Synthesis and characterization of rGO/Fe2O3 nanocomposite as an efficient supercapacitor electrode material

Abstract

The reduced graphene oxide-Fe2O3 (rGO-Fe2O3) nanocomposites were synthesized by a facile and low-cost hydrothermal method employing rGO and Iron (III) nitrate precursors. The synthesis parameters including the reduction time and presence of reduction aid are studied. The structural and morphological studies of the nanocomposites were investigated by using Raman spectra, Fourier transform infrared spectroscopy, X-ray diffraction, and field emission scanning electron microscopy. The results indicate that Fe2O3 nanoparticles with average particle size of 25 nm are well anchored on graphene sheets and the weight percent of the nanoparticles in the nanocomposites was influenced by the reduction time. The as-synthesized nanocomposites were characterized by a three-electrode system using cyclic voltammetry, electrochemical impedance spectroscopy, and galvanostatic charge–discharge in 1 M KOH aqueous solution.

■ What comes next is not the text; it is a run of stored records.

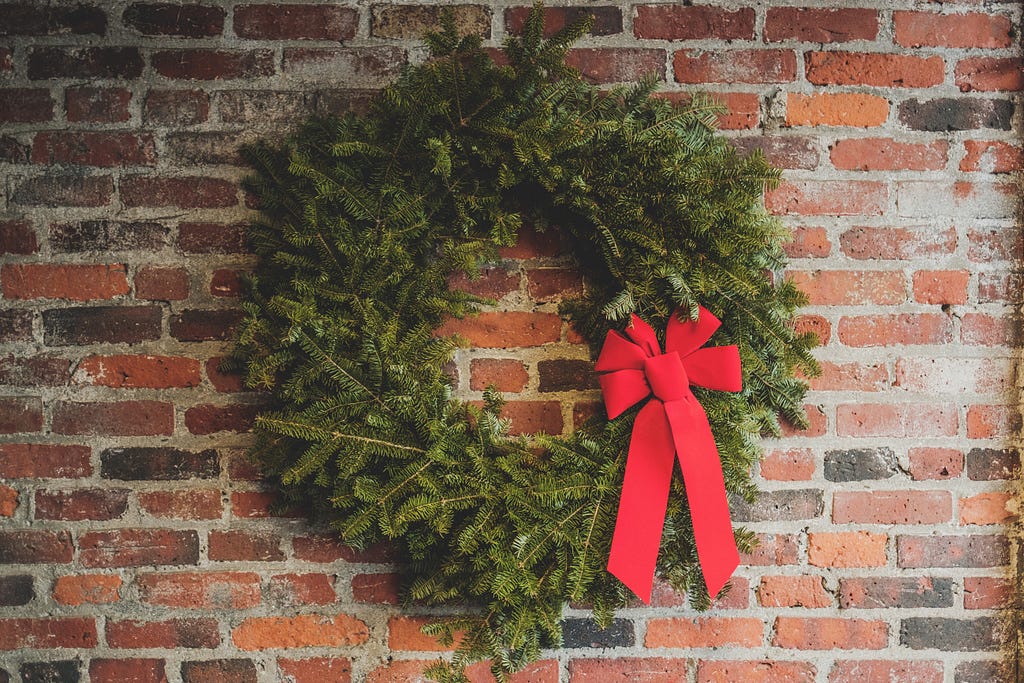 Incomplete Christmas wreath on wall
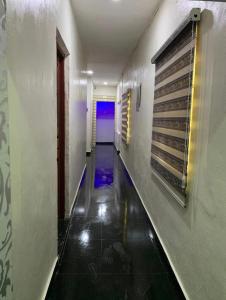 a long hallway with a blue light in a building at Arena Guest House and Lounge in Ikeja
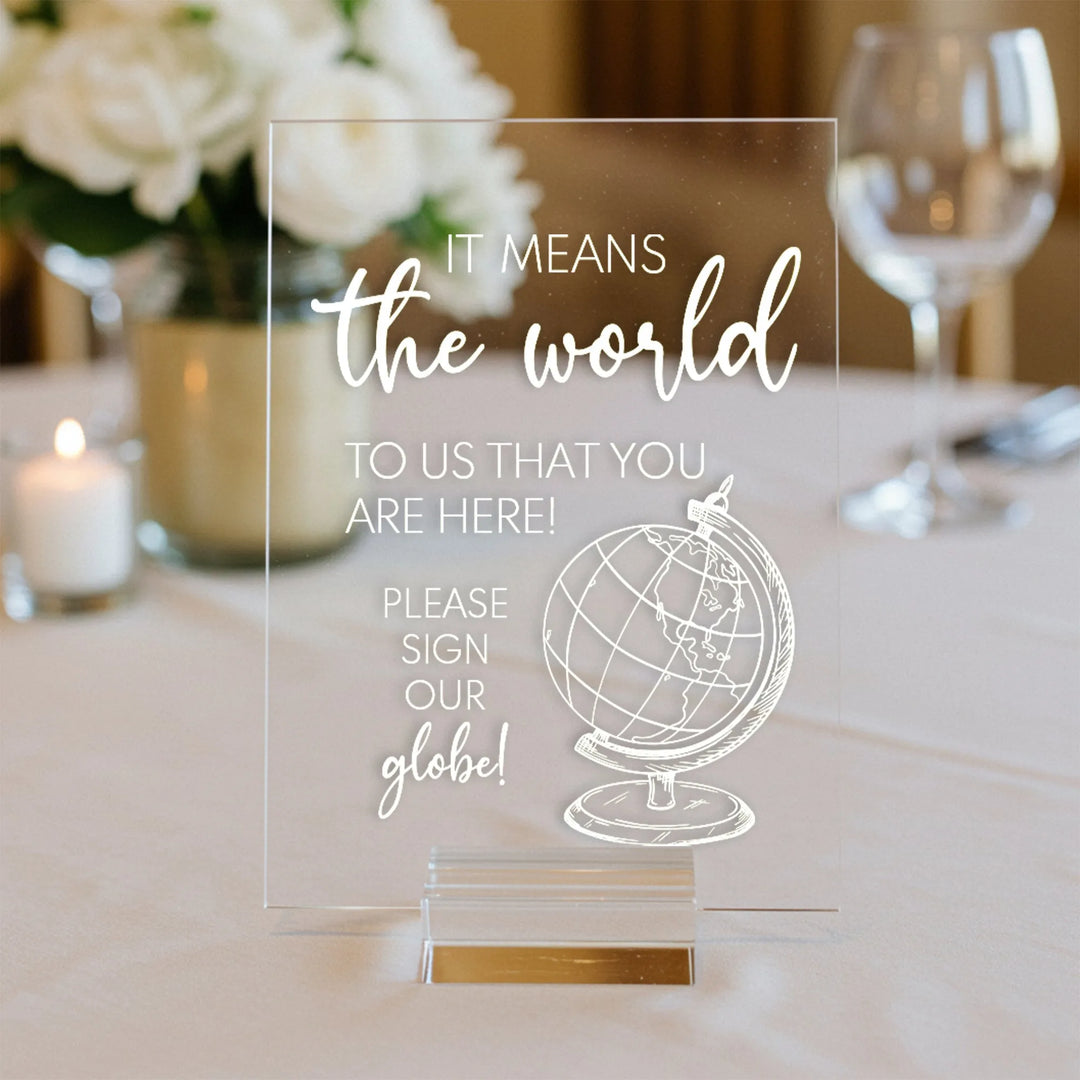 Clear acrylic wedding table sign with white text and globe graphic, white flowers and candle in background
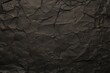 Black recycled paper crumpled texture background.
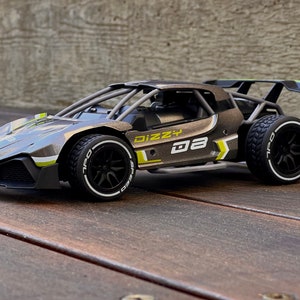 May include: A black and grey remote control toy car with yellow accents. The car has a roll cage and the words "Dizzy D8" printed on the side.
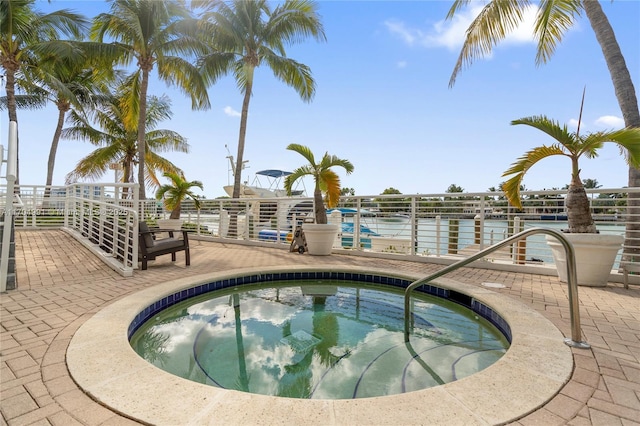 view of swimming pool with a patio area and a hot tub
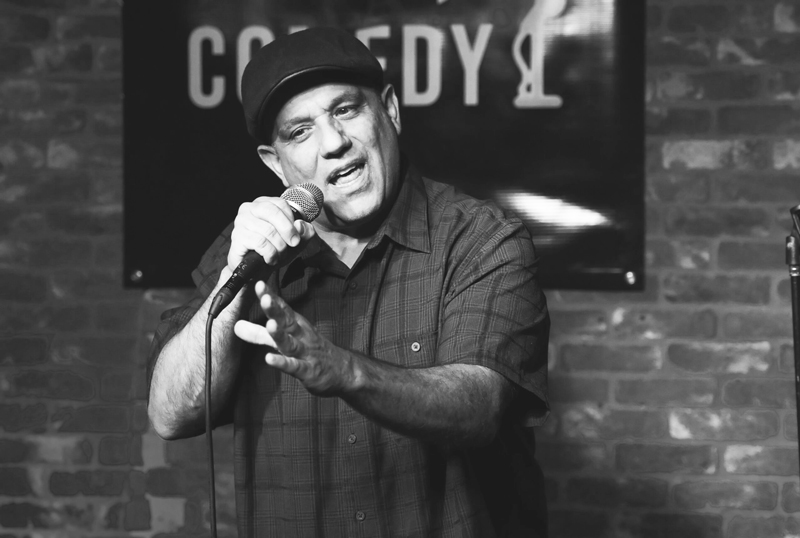 Comedian Mike Muratore on stage doing crowd work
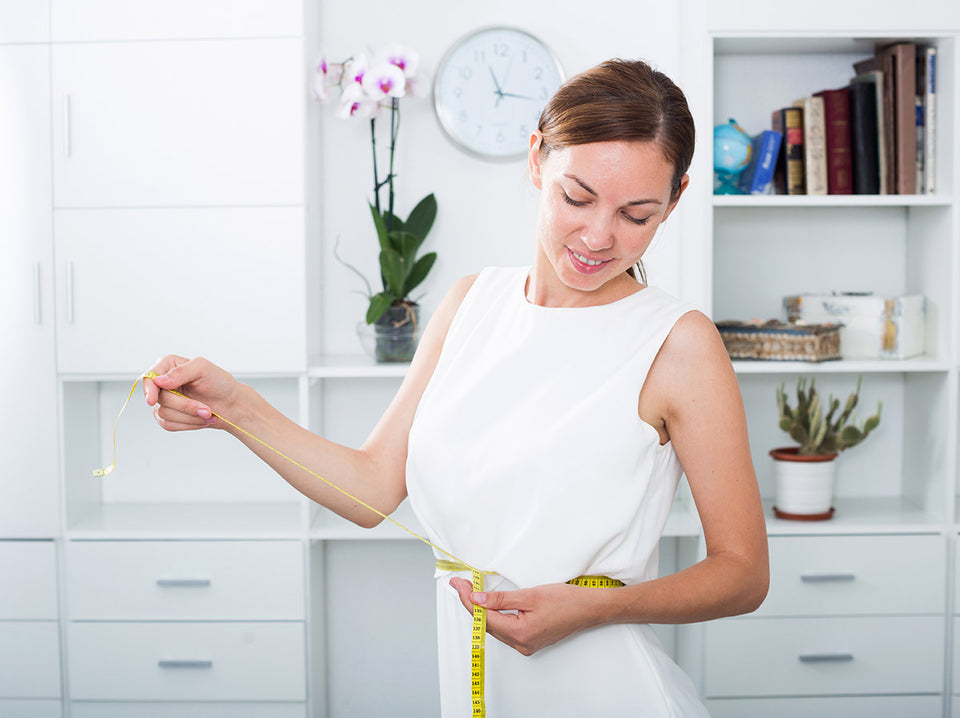 a woman at home dressed in white, measuring her waist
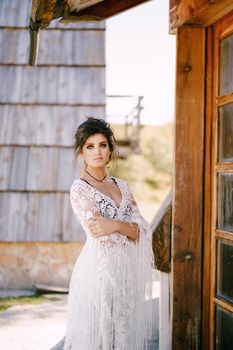 Woman in a white lace dress stands at the door of an old hut. High quality photo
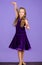 Kid dancer satisfied with concert outfit. Girl cute child wear velvet violet dress. Clothes for ballroom dance. Kids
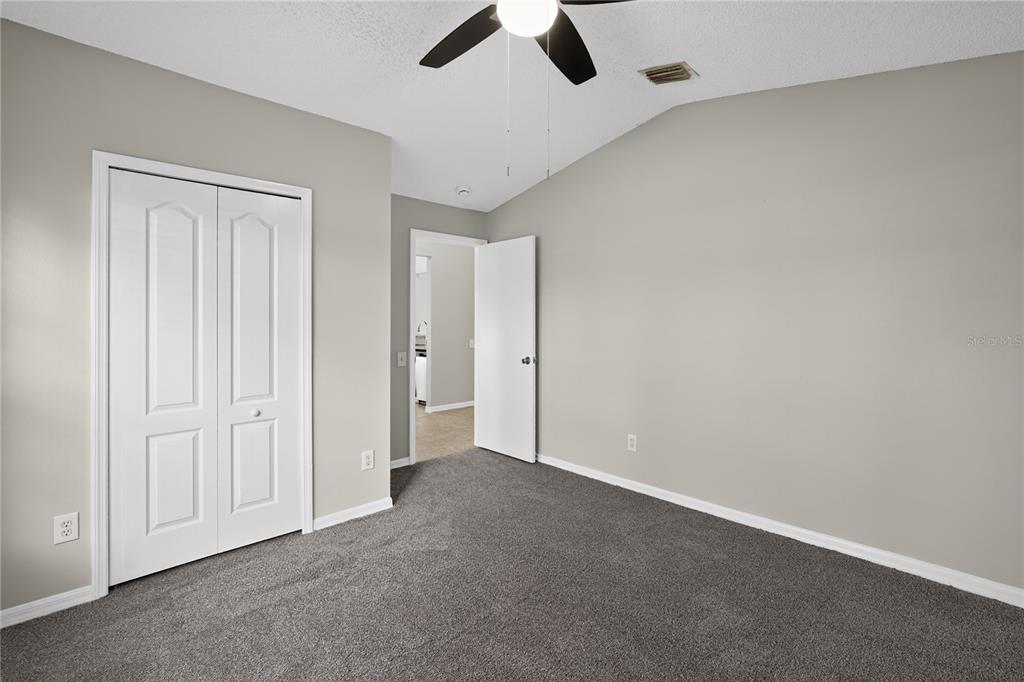 12630 Early Run Lane Riverview, FL 33578 - Photo 17 of 32 an empty room with view of ceiling fan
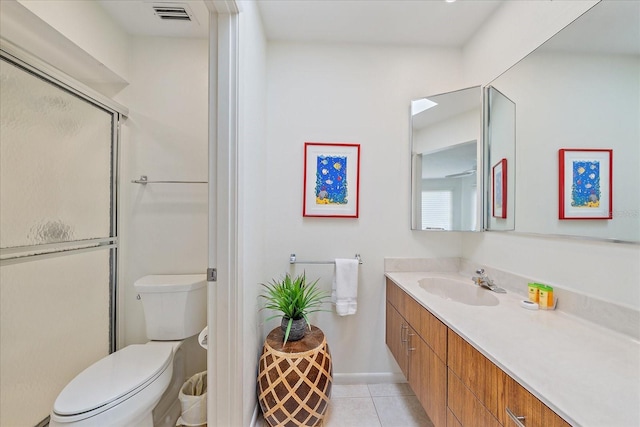 full bath with tile patterned flooring, toilet, vanity, a shower stall, and baseboards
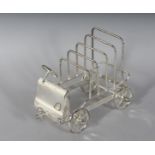 A VINTAGE CAR FOUR-DIVISION TOAST RACK. 6ins high.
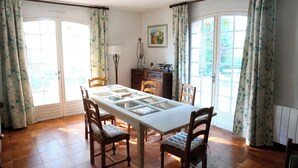 A dining area with a white table, wooden chairs, and a view of the outdoors through large windows. - Country House (Saint-Drézéry)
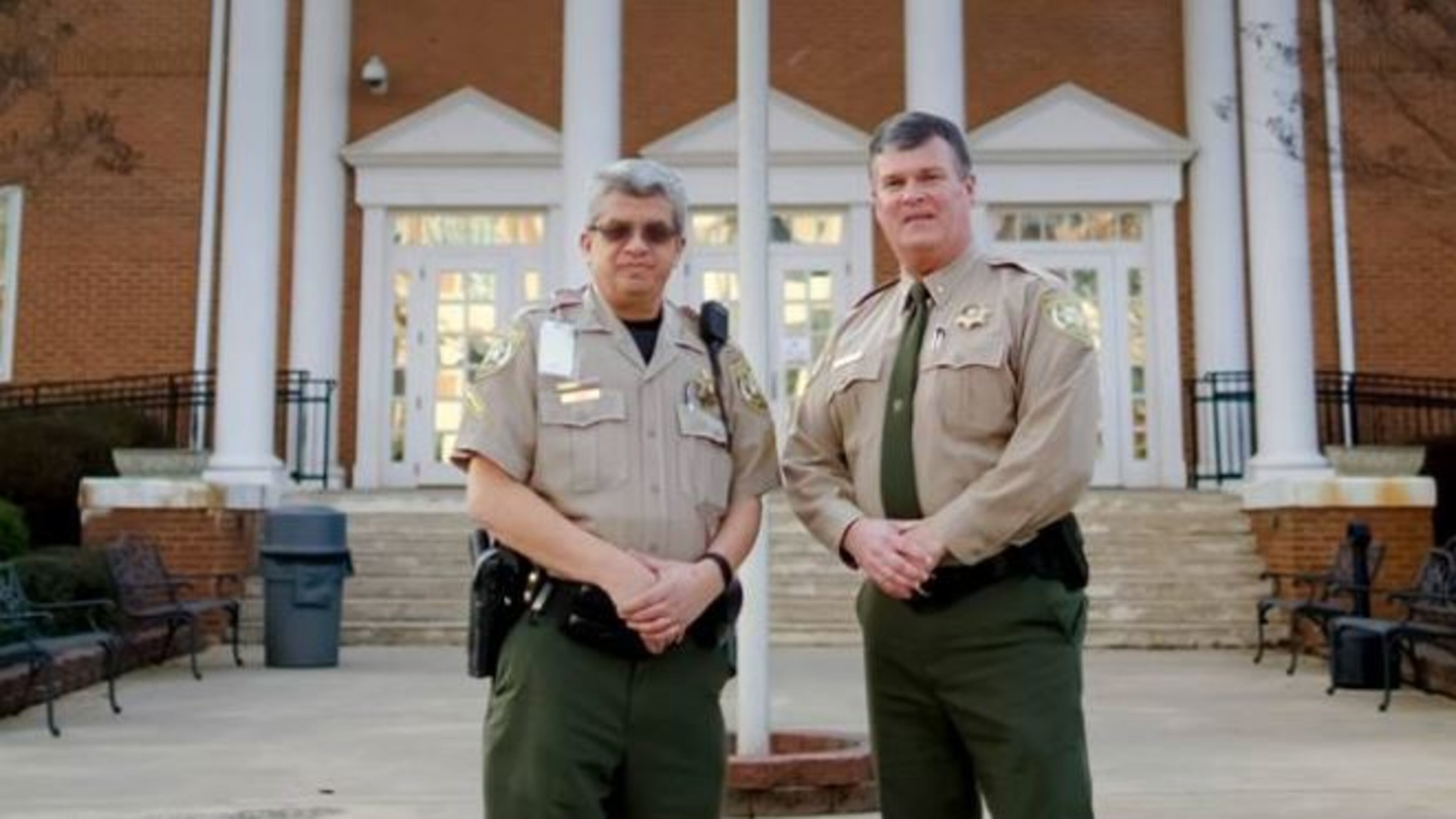 Forsyth County Deputy Daniel Rush (left), pictured with Sheriff Duane K. Piper, returned to work Monday after being shot in the leg during an attempted takeover of the county’s courthouse in June 2014. (Credit: Forsyth County Sheriff’s Office)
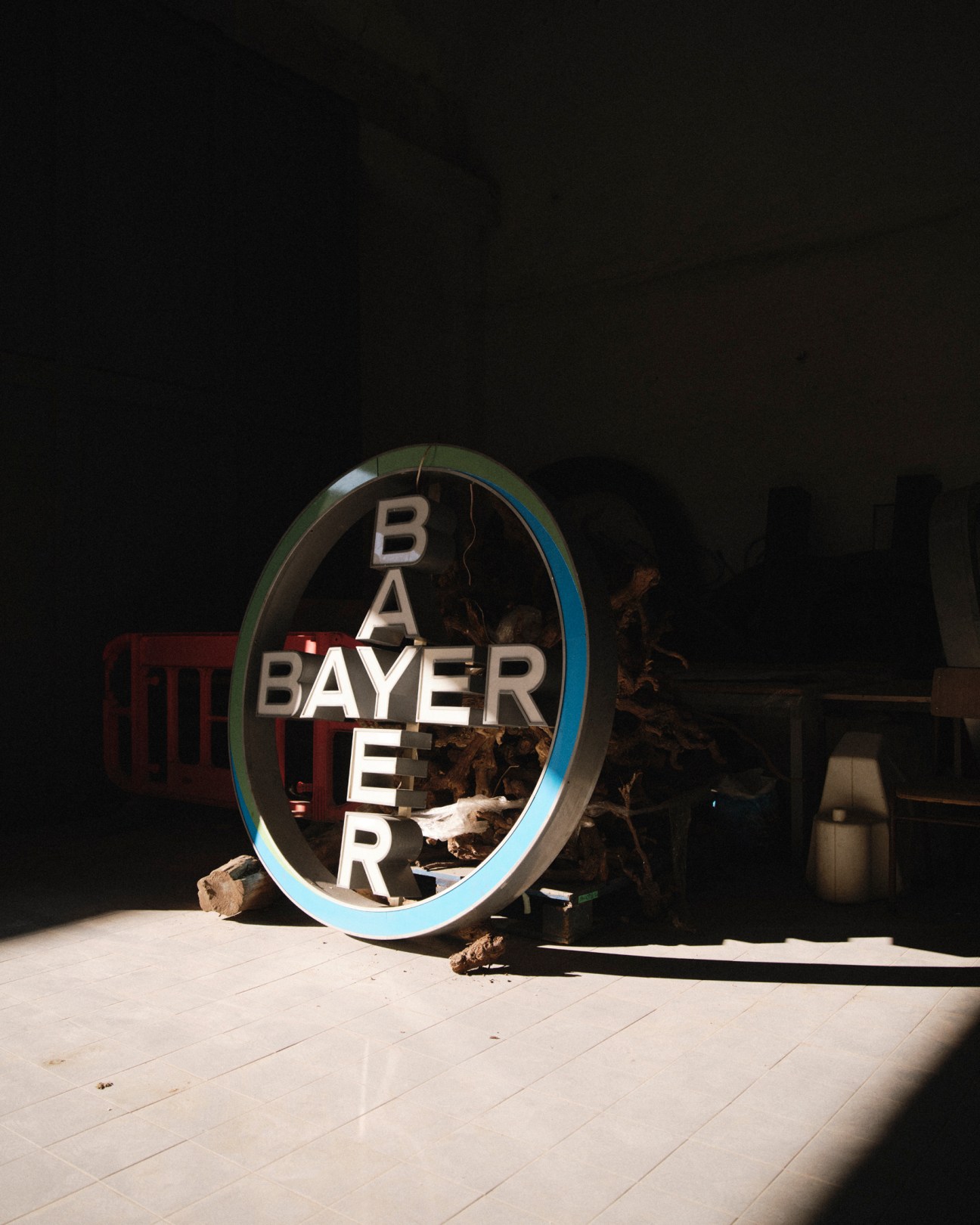 Large neon glasses sign with blue trim sitting on tiled floor in dark warehouse space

The electrodes made of rGO-Fe2O3 nanocomposite synthesized by urea as reduction aid showed a high specific capacitance of 291 F g−1 at 1 A g−1 in the potential range of − 1 to 0 V. The best electrochemical performance of urea reducted rGO-Fe2O3 nanocomposites is basically attributed to the effect of Fe2O3 nanoparticles in preventing the restacking of rGO sheets.